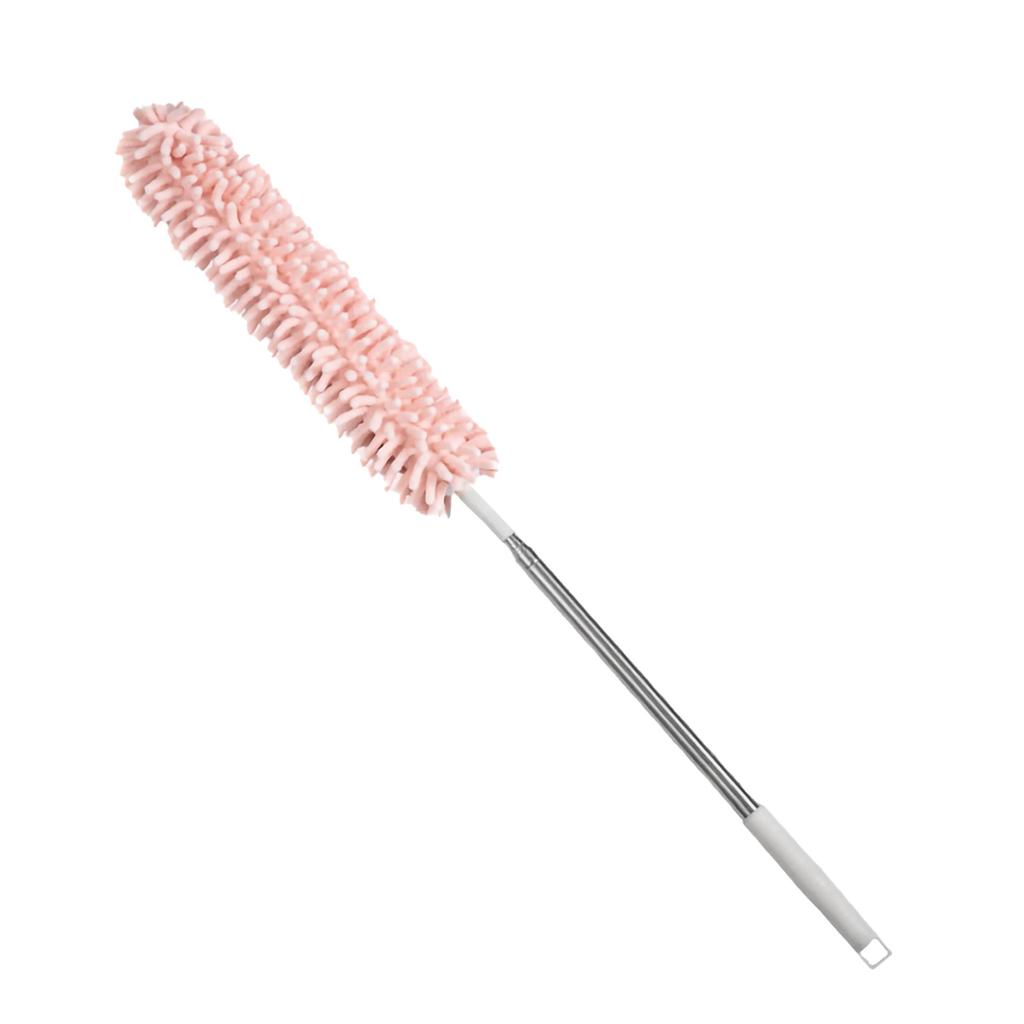 Telescopic Duster Handheld Dust Remover Washable Bendable Head for Household Ceiling Furniture Cleaning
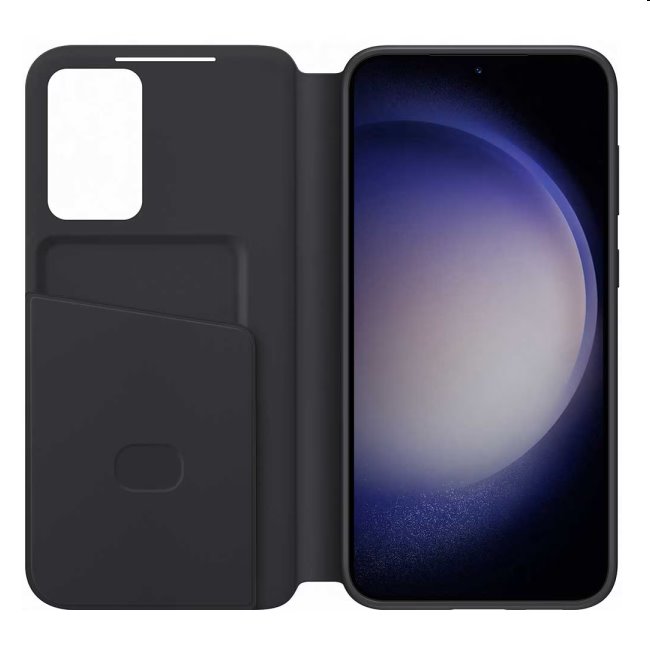 Okos View Wallet tok Samsung Galaxy S23 Plus számára, Fekete Okos View Wallet tok Samsung Galaxy S23 Plus számára, Fekete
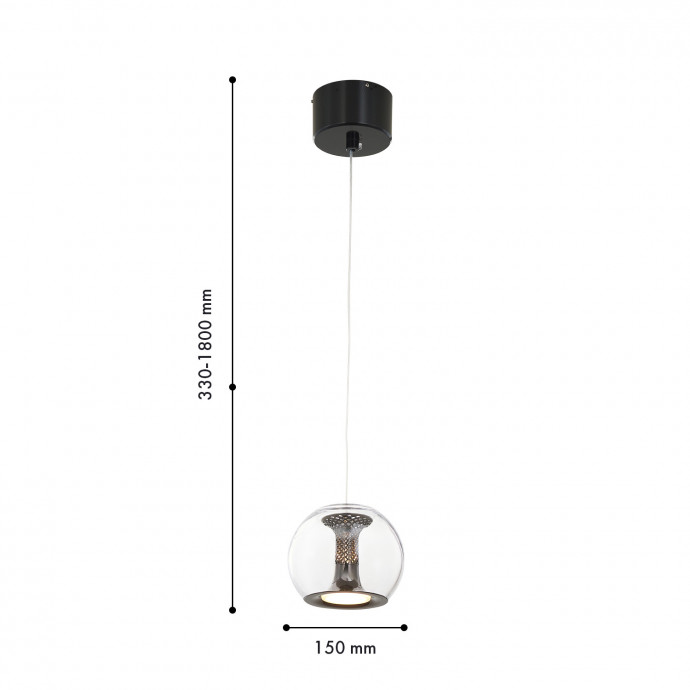 4337-1P, подвес, D150xH330/1800, LEDx9W, 720LM, 4000K, included
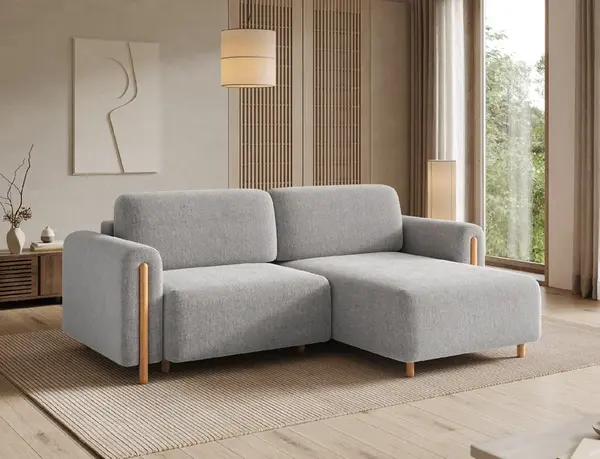 Sedací souprava Acossta Provedení: Pravá varianta, Nožičky: Dub, látka: Amore 4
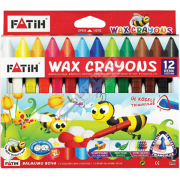Fatih Mum Pastel Boya Wax Crayon Jumbo 12 Renk 50220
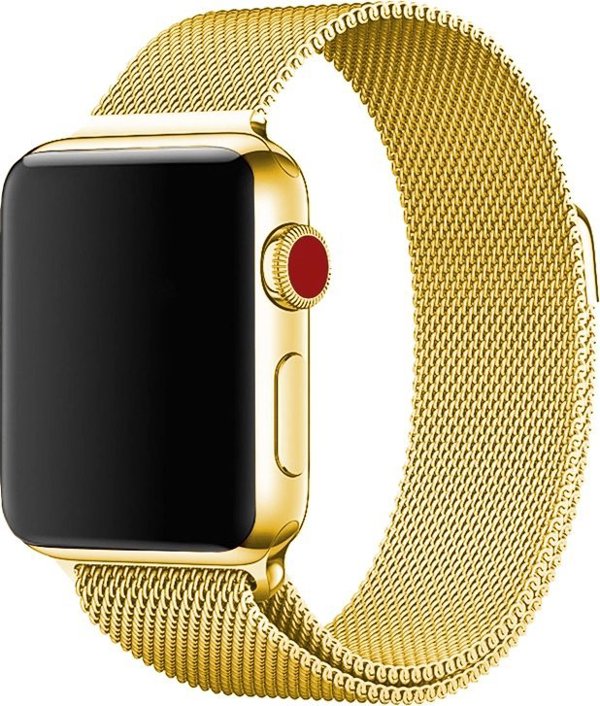 Apple Μπανγίνε πλέγμα από ανοξείδωτο ατσάλι, Apple Watch 42 mm / 44 mm / 45 mm, χρυσό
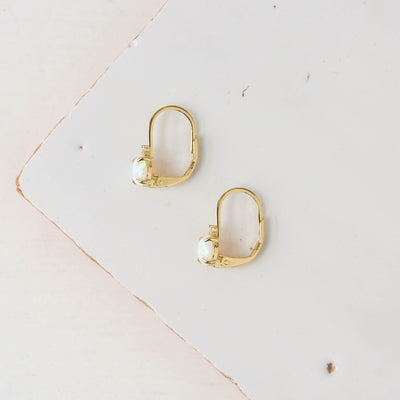 Opal Hoop Earrings - Quinn
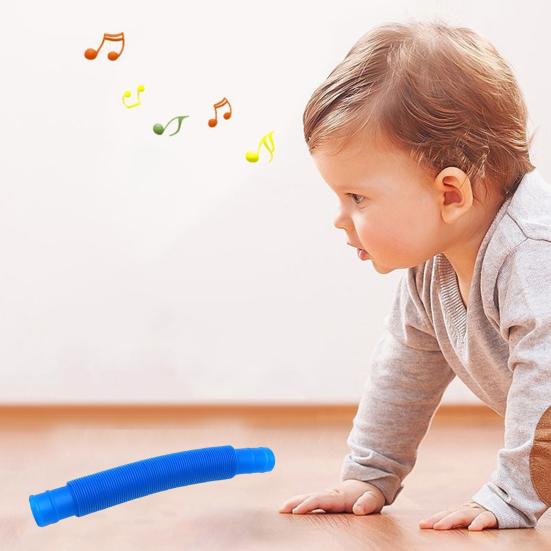 5ks barevná teleskopická trubice hračka pro úlevu od stresu transformace zdarma dekompresní natahovací trubice senzorická hračka pro děti, dospělí dárek
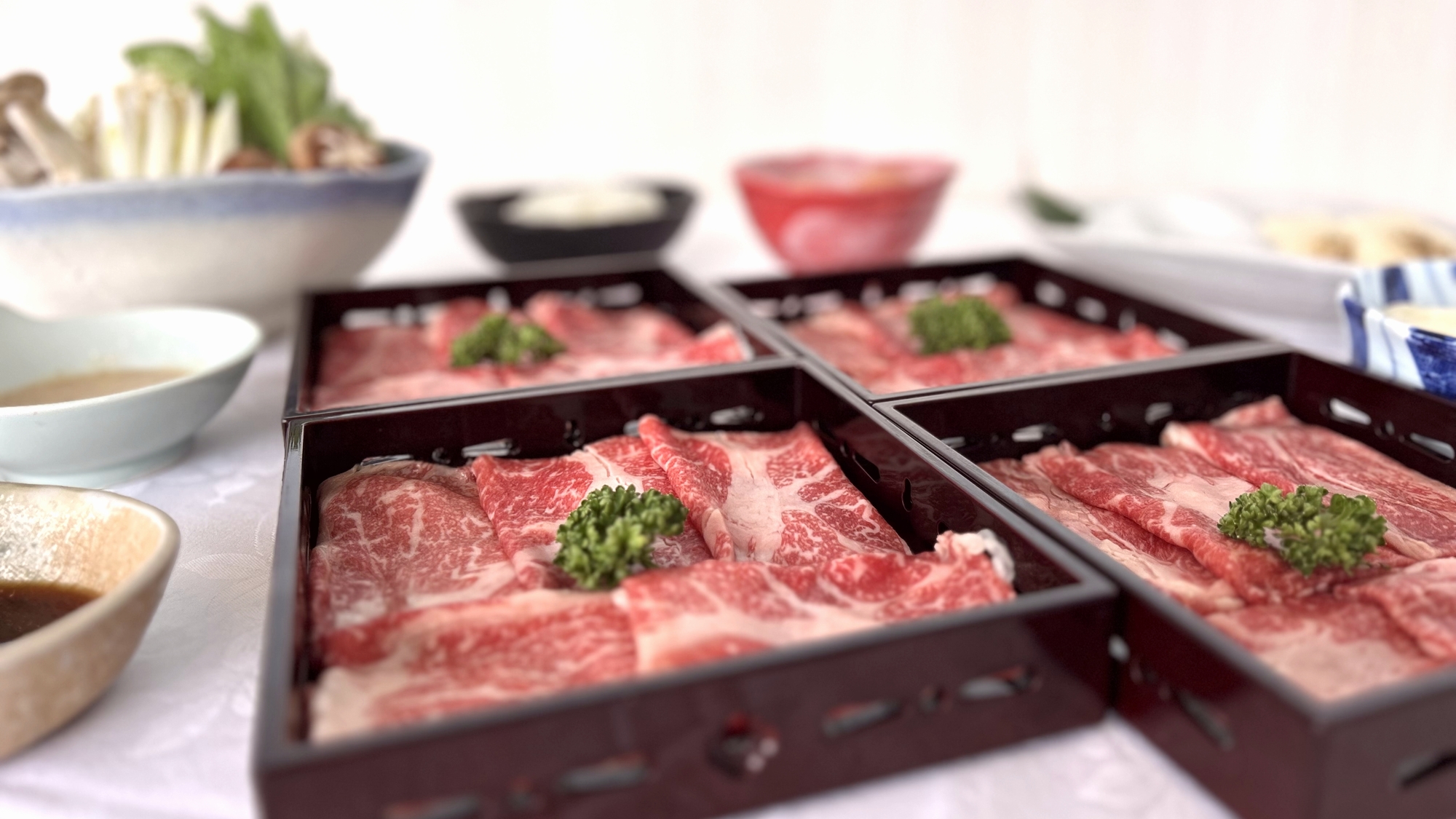 ◆冬季限定「国産牛ときのこ鍋」　※お料理イメージ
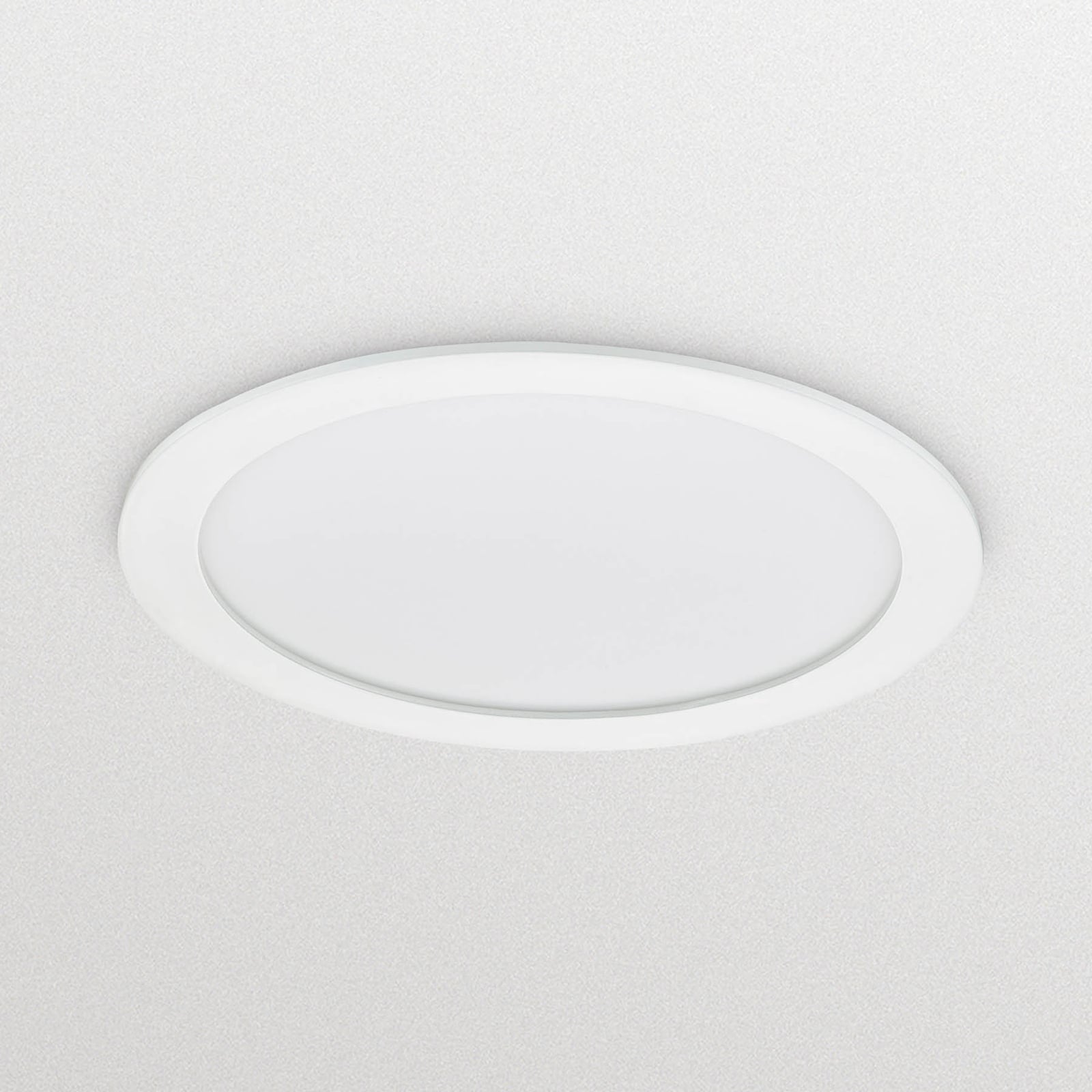 LED innbyggingsspot DN145B dimbar hvit Ø21,5 cm IP44 forfra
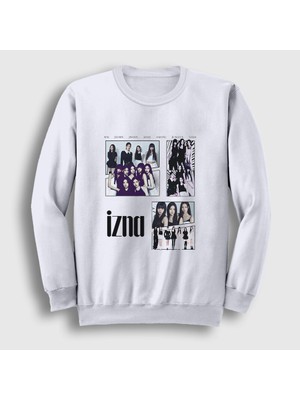 Presmono Unisex Beyaz Girlgroup Izna Izna Sweatshirt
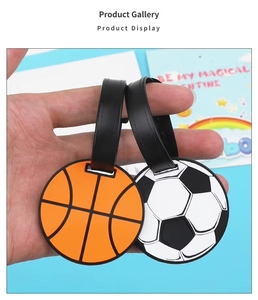 Étiquettes <span class=keywords><strong>de</strong></span> bagage personnalisées en PVC pour le basketball, le football, le baseball, avec sangle réglable, breloque <span class=keywords><strong>de</strong></span> sac <span class=keywords><strong>de</strong></span> sport, accessoire <span class=keywords><strong>de</strong></span> voyage, anti-perte - Product Image 5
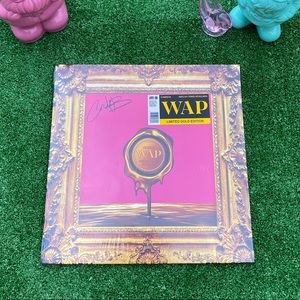 Limited Edition Gold SIGNED Cardi B WAP Vinyl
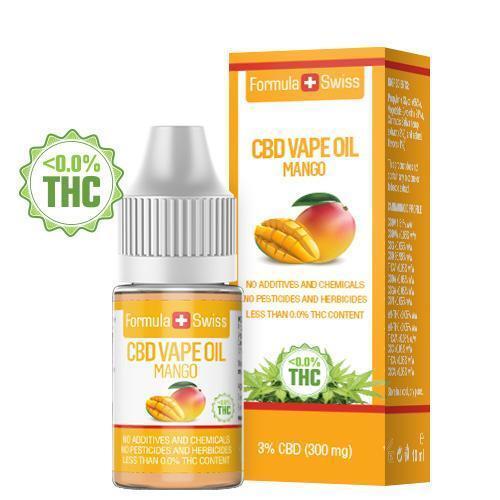 Aceite de CBD para vapear Mango - Formula Swiss - WeWeed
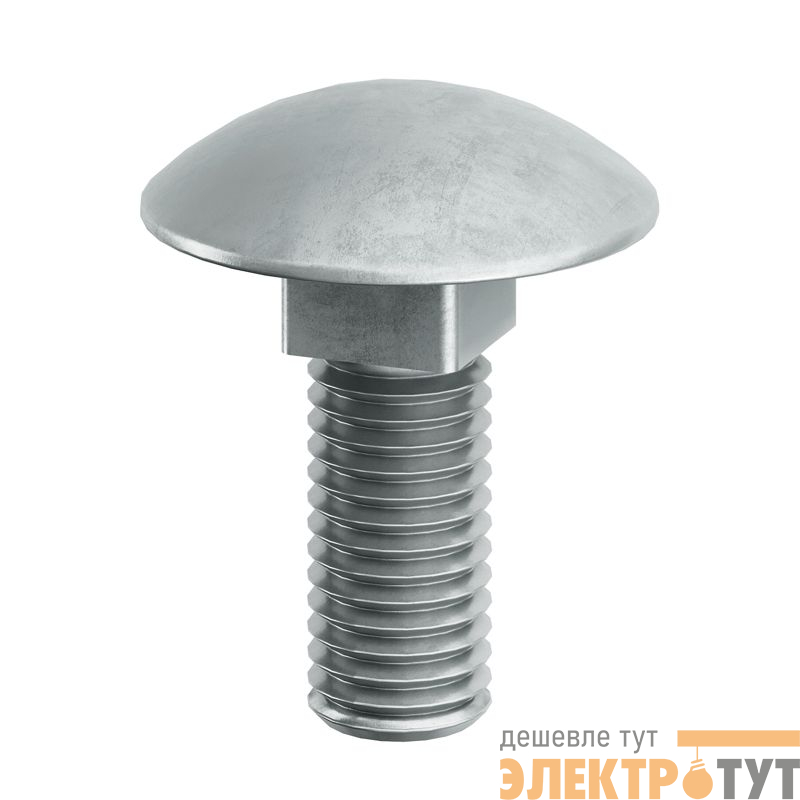 Винт с гладкой головкой и квадратным подголовником М6х16 гор. оцинк. DKC CM010616HDZ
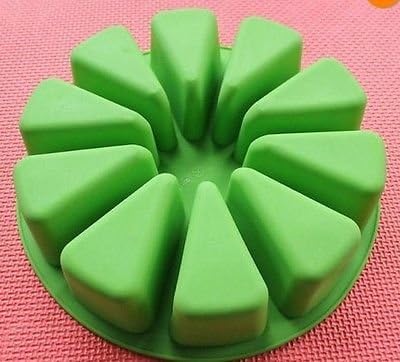Silicone Trigon Baking Cake Chocolate Soap Candy Jelly Ice Mold Mould Pan 272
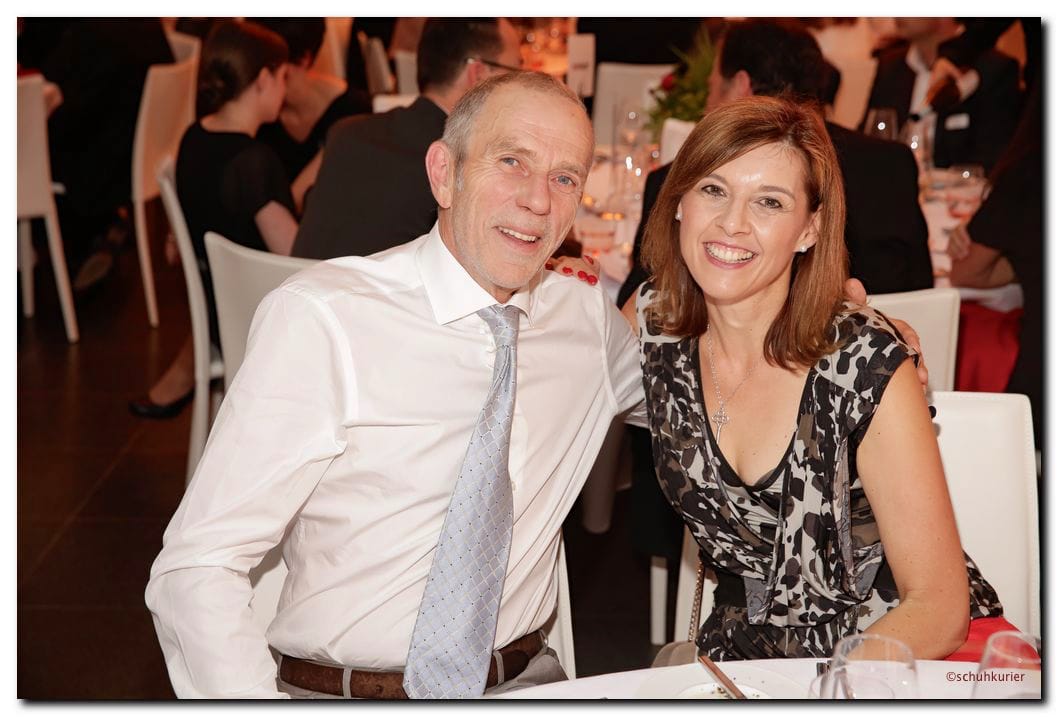 Bernd Faul und Sabine Kurtz - schuhkurier AWARD 2014 im K21 in Düsseldorf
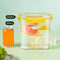 0.92-Gallon Beverage Dispenser with Spigot Leak-Proof for Fridge (Yellow) Newly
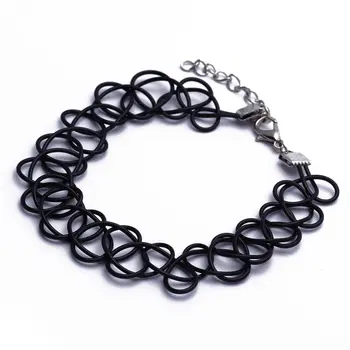 

Hot Sale Stretch Choker Necklace Collar Black Tattoo Retro Elastic Punk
==================================================
§ WHAT TO WORK ON: Set down, word for word, the full listing above, and carry over no pictures.

§ RESULT OF THIS TASK:
 Telescopic Duster Handheld Dust Remover Washable Bendable Head for Household Ceiling Furniture Cleaning
 Okos View Wallet tok Samsung Galaxy S23 Plus számára, Fekete Okos View Wallet tok Samsung Galaxy S23 Plus számára, Fekete
 4337-1P, подвес, D150xH330/1800, LEDx9W, 720LM, 4000K, included
 Sedací souprava Acossta Provedení: Pravá varianta, Nožičky: Dub, látka: Amore 4
Fatih Mum Pastel Boya Wax Crayon Jumbo 12 Renk 50220
 Apple Μπανγίνε πλέγμα από ανοξείδωτο ατσάλι, Apple Watch 42 mm / 44 mm / 45 mm, χρυσό
 Opal Hoop Earrings - Quinn
 5ks barevná teleskopická trubice hračka pro úlevu od stresu transformace zdarma dekompresní natahovací trubice senzorická hračka pro děti, dospělí dárek
 ◆冬季限定「国産牛ときのこ鍋」　※お料理イメージ
 LED innbyggingsspot DN145B dimbar hvit Ø21,5 cm IP44 forfra
 Presmono Unisex Beyaz Girlgroup Izna Izna Sweatshirt
 Étiquettes <span class=keywords><strong>de</strong></span> bagage personnalisées en PVC pour le basketball, le football, le baseball, avec sangle réglable, breloque <span class=keywords><strong>de</strong></span> sac <span class=keywords><strong>de</strong></span> sport, accessoire <span class=keywords><strong>de</strong></span> voyage, anti-perte - Product Image 5
 Limited Edition Gold SIGNED Cardi B WAP Vinyl
 Aceite de CBD para vapear Mango - Formula Swiss - WeWeed
 Винт с гладкой головкой и квадратным подголовником М6х16 гор. оцинк. DKC CM010616HDZ
Silicone Trigon Baking Cake Chocolate Soap Candy Jelly Ice Mold Mould Pan 272
 Bernd Faul und Sabine Kurtz - schuhkurier AWARD 2014 im K21 in Düsseldorf
 0.92-Gallon Beverage Dispenser with Spigot Leak-Proof for Fridge (Yellow) Newly

Hot Sale Stretch Choker Necklace Collar Black Tattoo Retro Elastic Punk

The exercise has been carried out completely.